(Stored items from a collection)
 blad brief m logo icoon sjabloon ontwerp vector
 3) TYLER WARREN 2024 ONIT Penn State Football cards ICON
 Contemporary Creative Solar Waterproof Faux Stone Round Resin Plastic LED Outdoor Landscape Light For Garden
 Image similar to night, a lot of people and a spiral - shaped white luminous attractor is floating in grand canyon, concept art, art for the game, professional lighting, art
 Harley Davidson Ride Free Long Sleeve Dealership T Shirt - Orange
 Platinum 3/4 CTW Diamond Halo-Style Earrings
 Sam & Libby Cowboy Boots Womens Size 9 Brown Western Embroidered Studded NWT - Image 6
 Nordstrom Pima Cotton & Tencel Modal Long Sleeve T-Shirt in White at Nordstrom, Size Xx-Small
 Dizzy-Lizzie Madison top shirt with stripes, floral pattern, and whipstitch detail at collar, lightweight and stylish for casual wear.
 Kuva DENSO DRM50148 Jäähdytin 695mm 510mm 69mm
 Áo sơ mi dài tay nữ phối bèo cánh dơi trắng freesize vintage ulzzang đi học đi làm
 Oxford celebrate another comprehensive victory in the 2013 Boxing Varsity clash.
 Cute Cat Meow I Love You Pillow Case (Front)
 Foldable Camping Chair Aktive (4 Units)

(WORK REQUIRED) Your task is to copy every record exactly.

(EXERCISE RESULT)
 blad brief m logo icoon sjabloon ontwerp vector
 3) TYLER WARREN 2024 ONIT Penn State Football cards ICON
 Contemporary Creative Solar Waterproof Faux Stone Round Resin Plastic LED Outdoor Landscape Light For Garden
 Image similar to night, a lot of people and a spiral - shaped white luminous attractor is floating in grand canyon, concept art, art for the game, professional lighting, art
 Harley Davidson Ride Free Long Sleeve Dealership T Shirt - Orange
 Platinum 3/4 CTW Diamond Halo-Style Earrings
 Sam & Libby Cowboy Boots Womens Size 9 Brown Western Embroidered Studded NWT - Image 6
 Nordstrom Pima Cotton & Tencel Modal Long Sleeve T-Shirt in White at Nordstrom, Size Xx-Small
 Dizzy-Lizzie Madison top shirt with stripes, floral pattern, and whipstitch detail at collar, lightweight and stylish for casual wear.
 Kuva DENSO DRM50148 Jäähdytin 695mm 510mm 69mm
 Áo sơ mi dài tay nữ phối bèo cánh dơi trắng freesize vintage ulzzang đi học đi làm
 Oxford celebrate another comprehensive victory in the 2013 Boxing Varsity clash.
 Cute Cat Meow I Love You Pillow Case (Front)
 Foldable Camping Chair Aktive (4 Units)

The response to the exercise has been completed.